Where’s your transparency bar set?
Directors of ‘Christian’ charities, after hundreds of reviews of ‘Christian’ charities, permit us an observation: stop being smug about your compliance with the charity regulator’s requirements. Why? Because it’s a low bar for transparency. And compliance with a low bar is nothing to crow about. In fact, if that’s all you are doing in the way of helping your stakeholders to understand what you are doing, how you operate, and what you have achieved, then we’d recommend saying nothing.
If you are merely compliant with the regulator’s requirements, then your accountability to donors and others is sorely lacking. (It is transparency that enables accountability.)
For the ACNC’s requirements are a low bar even against ‘best practice’ for secular charities. So, first step up to that level before you defend what you do.
For instance, the ACNC allows you to submit your annual statement (including your financial report) up to six months after your year end (and has shown a willingness to give all charities an extension). Timeliness is one of the key aspects of transparency, and there is no way that taking anywhere near six months is being transparent.

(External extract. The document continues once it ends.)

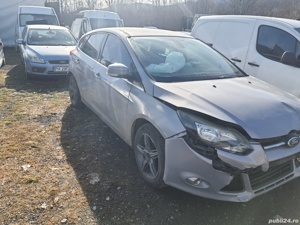Dezmembrez Ford Focus 3 euro 5 1.6 tdci an 2011 - imagine 3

And please, take no comfort from the fact that ofttimes the secular law is all that many of your stakeholders expect. Prepare for the time when they become educated and want more. Better still, educate them yourself. (The marketplace for the donor dollar is competitive, so you are unlikely to lose, especially in the longer term.)
And even if that education doesn’t happen, then do the right thing by them and educate them yourself.
Once you are matching what the best in the secular world are doing, then ask what God might require of you. Highly likely you will have to ‘step up’ again.